Recently, a new player came onto the scene. The development of drugs that interact with the receptor for the endogenous cannabinoid system revealed an additional mechanism for the control of food intake and thermogenesis. The first clues about the orexygenic properties of endogenous cannabinoid system came from the observation that the consumption of exogenous cannabinoids present in marijuana produces a powerful sensation of hunger (30). The characterization of the main endocannabinoid receptor, CB1, and the development of synthetic antagonists for this receptor created hope for the production of new, safer and more effective drugs for the treatment of obesity (30). However, clinical data show that the weight loss produced by this class of drug is only marginally superior to that produced by inhibitors of serotonine re-uptake and adverse affects, such as depression and increased rate of suicide, have precluded the widespread use of these compounds for the treatment of obesity (31).

Although, as discussed above, a number of mechanisms play a role in the control of hypothalamic neurons involved in the regulation of energy homeostasis, leptin and insulin are regarded as the most robust peripheral signal providers to the hypothalamus (10).

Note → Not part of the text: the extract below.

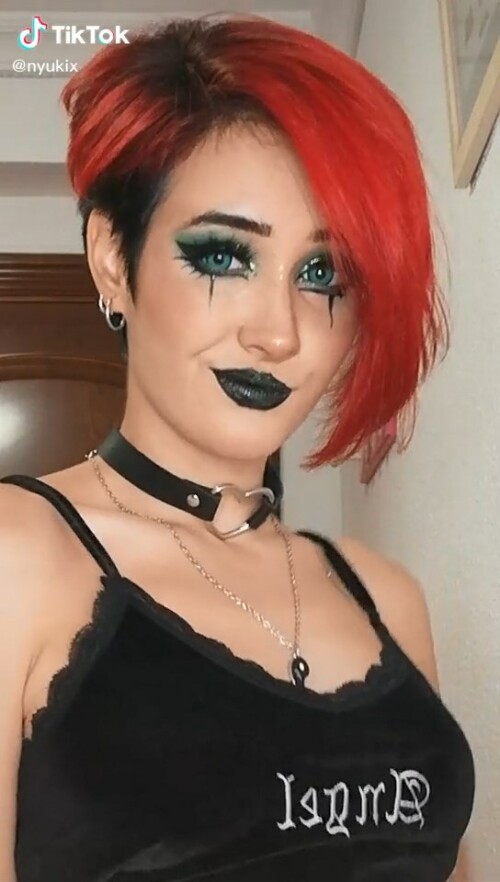 Download 2.mp4 snapshot 00.04 2023.06.04 23.45.018d828de3eba22530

Leptin is produced predominantly by the adipose tissue in direct proportion to body fat mass (32), and though some peripheral actions have been attributed to this hormone, such as the regulation of insulin production by pancreatic β-cells (33), modulation of insulin action (34), and control of a number of immune functions (35,36), the basomedial hypothalamus, particularly the arcuate nucleus, is the main site of its action (10,32).

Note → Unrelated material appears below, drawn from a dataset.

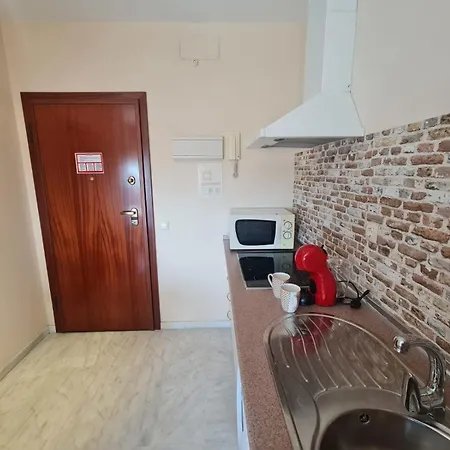 Lux Abril Apartamento *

Both NPY/AgRPergic and POMC/CARTergic neurons express high levels of the main form of the leptin receptor, the ObRb (10, 32) (Figure 2). This is a monomeric transmembrane protein that belongs to the type I cytokine receptor family (32,37). Like the other members of this family, the ObRb lacks intrinsic enzymatic activity and depends on at least one associated kinase, JAK2, to transduce its signal (37). Upon leptin binding to the ObRb, a dimmerization of receptor units accompanies JAK2 autophosphorylation and the tyrosine phosphorylation of two residues (Tyr985 and Tyr1138) in the receptor itself (37). These events generate the possibility of activation of at least three distinct intracellular signaling pathways (37). Tyrosine phosphorylation of Tyr985 recruits the tyrosine phosphatase SHP2, which mediates the activation of the p21ras/ERK signaling pathway (32,37). Tyrosine phosphorylation of Tyr1138 recruits STAT3 to the ObRb, leading to STAT3 tyrosine phosphorylation and translocation to the nucleus, providing a fast-track for leptin-induced control of gene expression (32). Finally, the autophosphorylation of JAK2 leads to the recruitment and tyrosine phosphorylation of adaptor proteins IRS1/2, which promotes the activation of PI3-kinase and its downstream signaling (32). It is possible that several other signaling pathways are also activated through the ObRb. These may include other substrates for JAK2, since a large number of Tyr residues may be phosphorylated following kinase activation, and the engagement of as yet unknown tyrosine kinases, since signal transduction through IRS1/PI3-kinase/Akt can occur even in the absence of the activation of JAK2 (35).



Each of the signaling pathways controlled by leptin plays a role in a specific compartment of the complex response to this hormone. In POMC/CARTergic neurons, the activation of JAK2/STAT3 signaling by leptin leads to increased transcriptional activity, boosting the expression of POMC (10,12). This effect is enhanced by simultaneous insulin action, but apparently not reproduced by insulin alone (38). Conversely, the activation of PI3 kinase activity seems to play a minor role in the control of neurotransmitter expression, but it is essential for neurotransmitter release in the synaptic terminals. This effect is achieved through the control of neuronal firing rate. Once activated by either leptin or insulin, PI3 kinase mediates neuronal depolarization by inhibiting ATP-sensitive potassium channels (11,39). The central role for PI3 kinase in this context is further evidenced by the fact that genetic or pharmacological modulations of phosphatases that control the signaling through PI3 kinase, such as PTEN and 5'-ptase IV, have profound effects on feeding behavior (40,41).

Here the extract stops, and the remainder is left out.